- Data presence should be reliable, and data absence should be reliable
Thank you @Christian_Reich for stating this so clearly. This is my issue with the desire to include “old” information from before the observation period. In particular, the absence of data is particularly hard to explain. People often want to include a few extra bits of information to get a few more people with an exposure of interest, forgetting that a lot of similar people are missing.
As an analogy, the issue is very much the same as with outcomes. Just as missing data in the outcomes period can be informative, data outside the observation period can be informative. This can bias outcomes associated with the exposure if the exposure definition period extends outside a contiguous observation period for some people.
Note that this is a different issue from forcing everyone to have the same duration of observation period before an index date (for example, forcing everyone to have a 12 month look-back period when some have valid, longer ones available). In this case, for people with different length observation periods, it is better to use all the information. See Gilbertson, et al. (I am ignoring the situation when applying a definition that requires a specific duration of observation period in which case you should use that.)
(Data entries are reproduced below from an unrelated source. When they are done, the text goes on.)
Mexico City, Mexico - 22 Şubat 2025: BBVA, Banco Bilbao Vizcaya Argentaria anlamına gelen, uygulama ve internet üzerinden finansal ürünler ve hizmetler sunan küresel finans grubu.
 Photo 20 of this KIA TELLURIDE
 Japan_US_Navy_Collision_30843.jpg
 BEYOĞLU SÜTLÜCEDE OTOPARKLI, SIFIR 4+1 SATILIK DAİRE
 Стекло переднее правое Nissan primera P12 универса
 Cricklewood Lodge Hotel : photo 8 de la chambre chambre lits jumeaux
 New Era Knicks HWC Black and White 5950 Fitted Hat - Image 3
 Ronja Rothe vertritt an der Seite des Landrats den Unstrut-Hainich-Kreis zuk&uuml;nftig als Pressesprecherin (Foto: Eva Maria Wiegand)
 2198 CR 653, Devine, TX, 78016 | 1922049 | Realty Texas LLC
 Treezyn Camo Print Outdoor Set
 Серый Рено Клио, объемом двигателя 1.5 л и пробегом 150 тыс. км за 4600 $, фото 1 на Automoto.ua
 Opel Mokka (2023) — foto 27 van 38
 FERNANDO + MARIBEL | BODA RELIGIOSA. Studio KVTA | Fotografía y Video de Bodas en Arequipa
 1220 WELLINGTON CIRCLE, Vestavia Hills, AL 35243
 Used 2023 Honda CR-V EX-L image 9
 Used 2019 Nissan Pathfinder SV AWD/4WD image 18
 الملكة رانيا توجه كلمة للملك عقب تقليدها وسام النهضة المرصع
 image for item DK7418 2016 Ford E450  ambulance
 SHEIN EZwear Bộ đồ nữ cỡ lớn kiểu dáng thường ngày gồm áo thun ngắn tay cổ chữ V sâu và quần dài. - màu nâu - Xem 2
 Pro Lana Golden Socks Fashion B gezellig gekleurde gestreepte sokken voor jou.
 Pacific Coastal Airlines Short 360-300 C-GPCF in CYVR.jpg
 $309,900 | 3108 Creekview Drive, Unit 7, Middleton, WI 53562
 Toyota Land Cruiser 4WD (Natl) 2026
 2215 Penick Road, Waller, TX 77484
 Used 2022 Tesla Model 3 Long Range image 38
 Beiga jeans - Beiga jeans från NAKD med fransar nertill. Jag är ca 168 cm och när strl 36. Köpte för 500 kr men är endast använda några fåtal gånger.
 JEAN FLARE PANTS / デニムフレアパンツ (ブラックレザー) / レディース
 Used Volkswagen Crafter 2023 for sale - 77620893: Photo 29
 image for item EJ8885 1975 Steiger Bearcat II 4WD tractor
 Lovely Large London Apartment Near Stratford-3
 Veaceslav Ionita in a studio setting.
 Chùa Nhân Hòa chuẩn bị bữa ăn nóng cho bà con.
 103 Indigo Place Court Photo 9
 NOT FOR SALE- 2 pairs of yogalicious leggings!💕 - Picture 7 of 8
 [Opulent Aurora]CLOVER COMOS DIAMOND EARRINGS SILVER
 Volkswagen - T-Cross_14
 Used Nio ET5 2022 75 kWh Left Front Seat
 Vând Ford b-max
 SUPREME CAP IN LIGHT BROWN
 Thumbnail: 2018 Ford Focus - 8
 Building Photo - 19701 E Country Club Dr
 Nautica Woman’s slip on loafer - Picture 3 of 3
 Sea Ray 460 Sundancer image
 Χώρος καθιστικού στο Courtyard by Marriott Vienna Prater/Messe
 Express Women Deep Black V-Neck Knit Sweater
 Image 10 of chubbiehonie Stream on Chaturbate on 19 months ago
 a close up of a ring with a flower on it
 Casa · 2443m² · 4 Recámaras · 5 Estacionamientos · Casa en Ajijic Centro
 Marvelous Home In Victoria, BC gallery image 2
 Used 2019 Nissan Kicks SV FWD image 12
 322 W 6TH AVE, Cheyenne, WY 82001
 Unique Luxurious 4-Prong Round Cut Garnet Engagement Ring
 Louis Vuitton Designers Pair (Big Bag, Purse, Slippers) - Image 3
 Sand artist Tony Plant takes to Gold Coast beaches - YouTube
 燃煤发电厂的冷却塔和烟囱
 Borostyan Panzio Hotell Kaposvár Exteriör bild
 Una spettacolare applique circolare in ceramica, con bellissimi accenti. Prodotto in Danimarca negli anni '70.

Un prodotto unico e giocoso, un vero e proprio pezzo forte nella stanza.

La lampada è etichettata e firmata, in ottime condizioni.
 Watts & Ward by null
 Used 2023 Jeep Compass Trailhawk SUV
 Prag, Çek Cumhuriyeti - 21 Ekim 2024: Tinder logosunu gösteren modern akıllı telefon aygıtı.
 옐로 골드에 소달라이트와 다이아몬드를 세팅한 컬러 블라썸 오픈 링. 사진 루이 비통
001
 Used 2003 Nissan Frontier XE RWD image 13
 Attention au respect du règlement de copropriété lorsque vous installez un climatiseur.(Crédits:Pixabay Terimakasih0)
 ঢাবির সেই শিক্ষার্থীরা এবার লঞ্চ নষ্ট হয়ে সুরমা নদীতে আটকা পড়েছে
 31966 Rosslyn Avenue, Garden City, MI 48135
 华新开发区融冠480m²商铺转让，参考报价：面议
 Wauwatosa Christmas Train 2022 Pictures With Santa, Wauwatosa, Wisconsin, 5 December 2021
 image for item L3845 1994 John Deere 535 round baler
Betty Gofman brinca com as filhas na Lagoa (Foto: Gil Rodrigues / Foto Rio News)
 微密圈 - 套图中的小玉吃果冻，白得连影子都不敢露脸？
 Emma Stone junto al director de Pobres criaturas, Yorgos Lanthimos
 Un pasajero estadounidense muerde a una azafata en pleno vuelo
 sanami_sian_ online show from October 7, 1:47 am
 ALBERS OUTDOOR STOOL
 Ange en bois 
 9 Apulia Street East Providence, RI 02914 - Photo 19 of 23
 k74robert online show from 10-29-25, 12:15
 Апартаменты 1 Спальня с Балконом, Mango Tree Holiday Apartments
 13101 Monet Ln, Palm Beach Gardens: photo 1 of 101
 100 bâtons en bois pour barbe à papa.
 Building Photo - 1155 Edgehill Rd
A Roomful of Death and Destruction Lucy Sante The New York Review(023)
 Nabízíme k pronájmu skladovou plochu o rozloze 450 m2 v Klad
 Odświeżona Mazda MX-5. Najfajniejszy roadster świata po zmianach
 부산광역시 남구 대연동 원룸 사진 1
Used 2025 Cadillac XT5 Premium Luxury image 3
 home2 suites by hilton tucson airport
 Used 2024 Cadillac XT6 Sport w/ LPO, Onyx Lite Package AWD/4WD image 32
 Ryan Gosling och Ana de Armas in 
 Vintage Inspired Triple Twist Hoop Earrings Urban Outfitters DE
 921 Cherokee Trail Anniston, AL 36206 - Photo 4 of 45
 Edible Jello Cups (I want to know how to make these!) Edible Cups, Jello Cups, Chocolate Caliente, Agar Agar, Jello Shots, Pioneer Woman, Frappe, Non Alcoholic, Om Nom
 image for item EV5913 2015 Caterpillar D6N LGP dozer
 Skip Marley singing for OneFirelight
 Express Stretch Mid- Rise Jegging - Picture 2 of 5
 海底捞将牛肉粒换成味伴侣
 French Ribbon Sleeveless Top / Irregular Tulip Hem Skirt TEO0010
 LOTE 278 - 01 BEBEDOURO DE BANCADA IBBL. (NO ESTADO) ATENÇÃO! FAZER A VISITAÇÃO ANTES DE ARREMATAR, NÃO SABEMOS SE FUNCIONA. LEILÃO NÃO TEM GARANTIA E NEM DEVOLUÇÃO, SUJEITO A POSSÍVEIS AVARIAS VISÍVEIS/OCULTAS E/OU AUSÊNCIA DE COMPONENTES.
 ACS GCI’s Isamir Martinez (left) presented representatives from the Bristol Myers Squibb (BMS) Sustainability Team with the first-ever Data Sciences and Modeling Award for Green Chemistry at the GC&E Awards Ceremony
Observation periods can be constructed dynamically using the payer_plan_period, or through other modifications to the observation period table. We support that in our application and our data model, and we prefer that flexibility for our purposes. But I can also attest to the fact that dicing the data in this way can affect performance with large datasets. The OHDSI approach is to place information in the CDM that is ready to be analyzed and to consider analytical performance. This isn’t always explicitly stated with the OMOP CDM, so it is important that you clarified this. I think any change needs to be considered in the context of the breaking changes it would introduce.